Could Not Find C:\WINDOWS\TEMP\tmpu57mo79p.bat


## 3. Verify PyTorch Installation

After installation, let's verify that PyTorch is working correctly:

In [4]:
import torch
import torch.nn as nn
import numpy as np

print("=== PyTorch Installation Verification ===")
print(f"PyTorch version: {torch.__version__}")
print(f"Python version: {torch.version.__version__ if hasattr(torch.version, '__version__') else 'N/A'}")
print(f"CUDA available: {torch.cuda.is_available()}")
print(f"Device: {'cuda' if torch.cuda.is_available() else 'cpu'}")

# Test basic operations
x = torch.randn(3, 3)
y = torch.randn(3, 3)
z = torch.matmul(x, y)

print(f"\nBasic tensor operations working: {z.shape == (3, 3)}")
print("✅ PyTorch is installed and working correctly!")

=== PyTorch Installation Verification ===
PyTorch version: 2.5.1
Python version: 2.5.1
CUDA available: False
Device: cpu

Basic tensor operations working: True
✅ PyTorch is installed and working correctly!

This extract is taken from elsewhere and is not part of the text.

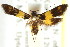  ( - CCDB-15790-D10)  @11 [ ] CreativeCommons - Attribution (2011) ANIC/CBG Photography Group Centre for Biodiversity Genomics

## 4. Test PyTorch with Simple Tensor Operations

Let's perform some basic tensor operations to ensure everything is working:

In [6]:
# Create some tensors
print("=== Tensor Operations Test ===")

# Basic tensor creation
a = torch.tensor([1, 2, 3, 4])
b = torch.randn(2, 3)
c = torch.zeros(3, 3)

print(f"Tensor a: {a}")
print(f"Tensor b shape: {b.shape}")
print(f"Tensor c (zeros): \n{c}")

# Basic operations
result = a + 10
print(f"\nTensor arithmetic (a + 10): {result}")

# Matrix multiplication
x = torch.randn(3, 4)
y = torch.randn(4, 2)
z = torch.mm(x, y)
print(f"\nMatrix multiplication result shape: {z.shape}")

# Neural network layer test
linear_layer = nn.Linear(4, 2)
input_tensor = torch.randn(1, 4)
output = linear_layer(input_tensor)
print(f"\nNeural network layer output shape: {output.shape}")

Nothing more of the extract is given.